There were also concerns about a lack of ‘lockable grills’ on the fridges outside the hours it could sell alcohol, as well as a lack of incident logbook and the type of safe installed.

Metropolitan Police licensing officer Michael Sullivan criticised the attitude of the licence holder, Sithamparanathan Kirubendran, suggesting that he was determined to carry on as normal.

“He’s just ignored the warnings and made no attempt to take on our recommendations,” he said.

“There’s an attitude of ‘I’m not going to do it’ and he’ll look into getting these conditions removed instead.”

He added that Mr Kirubendran had shown “complete contempt for the police, the council and the sub-committee” and based on this, and the evidence of breaches, recommended revocation.

This was supported by Brent Council’s licensing team, which pointed out that officers have a job to do but ultimately want to help the borough’s businesses.

“We aren’t going in there to go against them, we just want to make sure they uphold the licensing objectives,” an officer said.

“It’s as if a wall has been put up. We just want to get it right so he can run his business and we can move onto the next premises.”

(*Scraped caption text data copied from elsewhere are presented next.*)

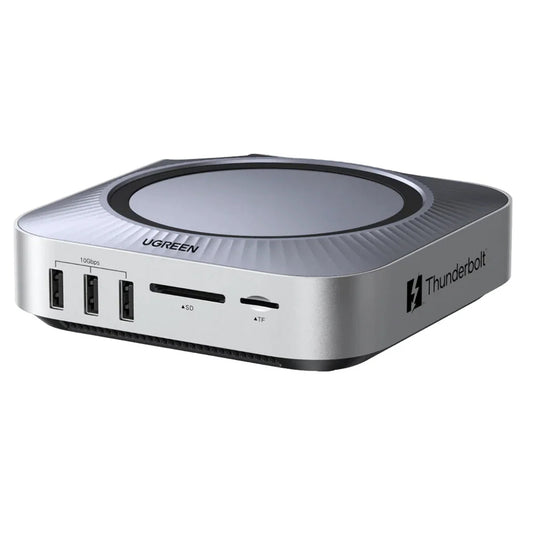 UGREEN Revodok Maxidok multifunkciós hub (85883EU) Apple Mac Mini M4 / Mini M4 Pro készülékhez, 10 az 1-ben, ezüst színű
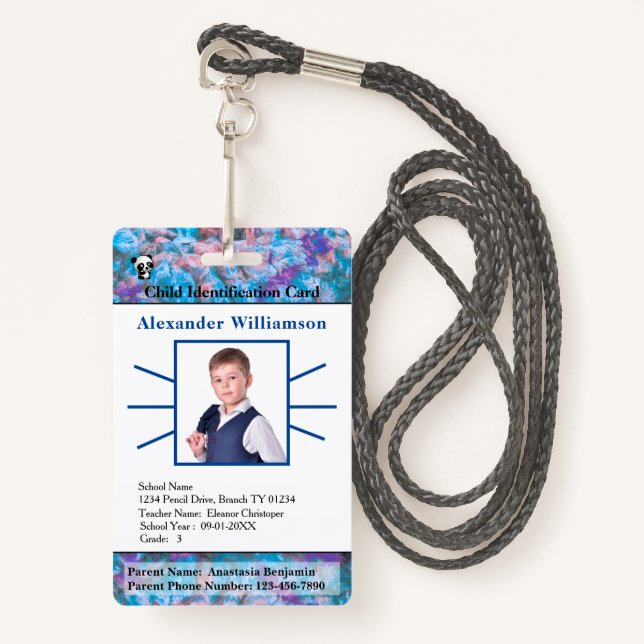 Children Kids Photo ID Identification Card Custom  ID Badge (Front with Lanyard)
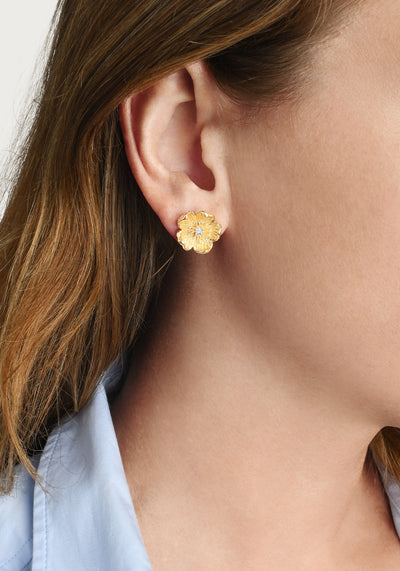 Anabel Arum - Brass - 18K Gold Plated Crystal Stud Wildflower Earrings
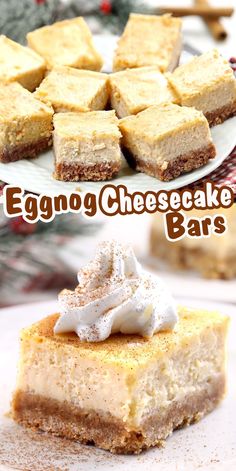 eggnog cheesecake bars with whipped cream on top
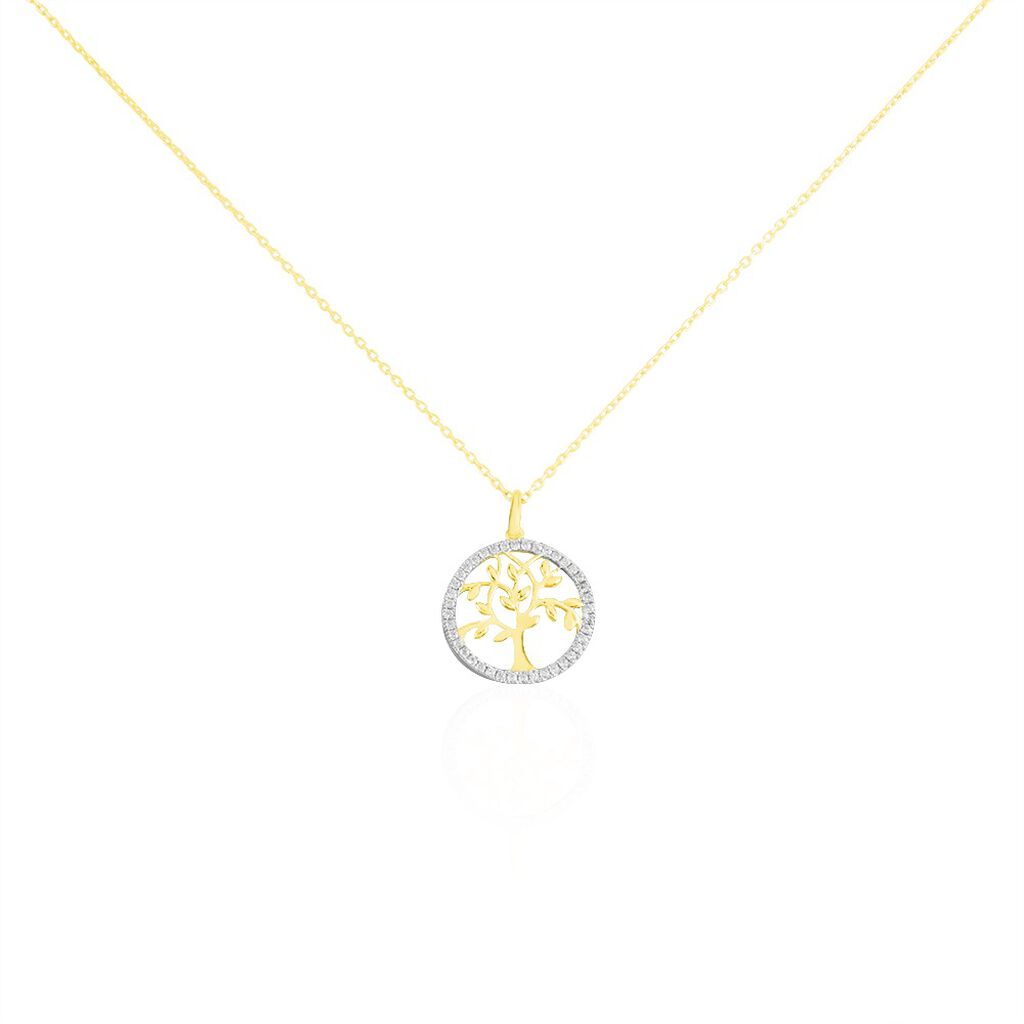 Collier Darell Or Jaune Oxyde De Zirconium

Shankar Sivashankar, the agent representing the garage, argued his client had not breached any of the conditions, save for the type of safe which he said compromised his insurance agreement.

He pointed to confusion around the fact it can sell some high strength beers, such as Nigerian Guinness, and argued that putting up a chiller screen over the shop’s alcohol constituted a clear barrier.

And he claimed there is no link between anti-social behaviour or street drinking and the shop and that there have been no complaints from neighbouring properties about its operations.

Despite this appeal, the council’s licensing committee noted Mr Kirubendran’s “refusal to cooperate or meet the conditions” and expressed the need for “tough action”.